Berlin became Germany's capital after reunification. Photo / Reuters

KEY POINTS:

GERMANY - Every day, eight trains laden with Government files pull out of Bonn, the former capital of West Germany, and head towards Berlin, capital of reunited Germany, 600km away.

Every day, 28 planes make the same trip, this time with a human cargo: ministers, their advisers, their
secretaries and platoons of underlings.

Their ministries are in Bonn but they have to attend meetings in Berlin.

This bizarre bureaucratic circus which shuttles to and fro across Germany is the legacy of a 1994 law to compensate Bonn for the decision to place united Germany's capital in Berlin.

Six ministries - defence, health, development aid, education, environment and agriculture - retained their headquarters on the River Rhine, while the other ministers shuffled off to the River Spree, to be alongside the federal Parliament and the chancellery.

The law, ironclad, stipulates that more federal workers must be based in Bonn than in Berlin. Today, 16 years after reunification, 10,200 are in Bonn, and 8800 in Berlin.

But a growing posse of politicians is demanding change.

They are fed up with the costs - €11 million ($20.5 million) in air travel alone in 2005 - and irked by the loss of working time, the inefficiency of snatched meetings in real life, and frustrations of long-distance phone conversations and videophones.

The man behind the campaign is the Prime Minister of the western state of Lower Saxony, Christian Wulff, a Christian Democrat.

"The time has come to end the division of ministries between Bonn and Berlin," he said in a letter to a Berlin politician. "All ministries should be headquartered in Berlin."

Wulff, attacked as a turncoat by other western German politicians, has been eagerly backed by the presidents of the five states that made up the former East Germany.

They reflect a wide body of opinion in the former communist east, where unemployment still affects about a fifth of the workforce, federal subsidies are getting tighter and "Wessi" - western - bureaucrats are loathed for their smugness. Many Bonnites who moved to Berlin complain of the capital's noise and dirt and mourn the leafy quiet of Bonn, the small town in Germany so tellingly portrayed by John Le Carre.

"Keeping federal ministries in Bonn in 2007 is an anachronism," said Georg Milbradt, the Prime Minister of Saxony.

He pointed out that millions of East Germans had had to adapt to a new life because of reunification.
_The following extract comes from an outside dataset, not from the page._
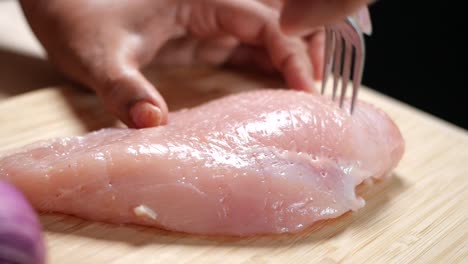 cerrado de pecho de pollo crudo siendo pinchado con un tenedor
"That should apply to Government, too, especially given that the Bonn region has already received lots of compensation," he said.

Far from being devastated by reunification, Bonn has done well. In addition to keeping its regiments of ministerial servants, the city hosts 22 other Government agencies and a small constellation of United Nations bodies, including the headquarters of the UN Framework Convention on Climate Change, the parent of the Kyoto Protocol.

Unemployment in Bonn is lower and male longevity higher than the national average and, according to the weekly Der Spiegel, so many women are having babies that the local birth rate exceeds mortality, a rare phenomenon indeed for Germany. By 2020, the city's population will have grown by 10,000.

Berlin, though, has suffered from the East's de-industrialisation, refurbishing decrepit housing estates and the social trauma of reunification.

The capital's champions say that if you want to see the real Germany today, warts and all, you must go to battered and rebuilt Berlin, not the eerily quiet, bourgeois avenues of Bonn.

A decade ago, one reason for dividing the Government was to help "anchor" Germany in Western Europe and dilute the risk of a return to dictatorship.

But with Germany now a mature democracy and a 27-nation European Union that reaches the Russian border, that argument is out of date, the daily Die Welt says.

"Europe no longer stops at the River Elbe, the German-Polish border," it commented.

The Bonn-Berlin row is set to expand in the coming months, but may well lead nowhere. One reason is money.

According to Germany's federal audit office, €10 billion was spent in the first move to Berlin in 2000 and another €5 billion would be needed today to shift the remaining bureaucrats there. That is nearly 500 times the annual Bonn-Berlin travel costs today, and far more than the cash-strapped Government can afford.